RAW DATA:
-------

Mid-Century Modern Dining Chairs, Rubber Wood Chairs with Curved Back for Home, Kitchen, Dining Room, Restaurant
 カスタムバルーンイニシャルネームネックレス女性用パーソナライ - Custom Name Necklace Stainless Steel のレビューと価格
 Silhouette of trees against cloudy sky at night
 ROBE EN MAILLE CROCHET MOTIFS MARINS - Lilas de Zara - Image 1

-------

INSTRUCTIONS FOR THE TASK:
Using the data above, reproduce every line exactly.

SOLUTION TO THE EXERCISE:
Mid-Century Modern Dining Chairs, Rubber Wood Chairs with Curved Back for Home, Kitchen, Dining Room, Restaurant
 カスタムバルーンイニシャルネームネックレス女性用パーソナライ - Custom Name Necklace Stainless Steel のレビューと価格
 Silhouette of trees against cloudy sky at night
 ROBE EN MAILLE CROCHET MOTIFS MARINS - Lilas de Zara - Image 1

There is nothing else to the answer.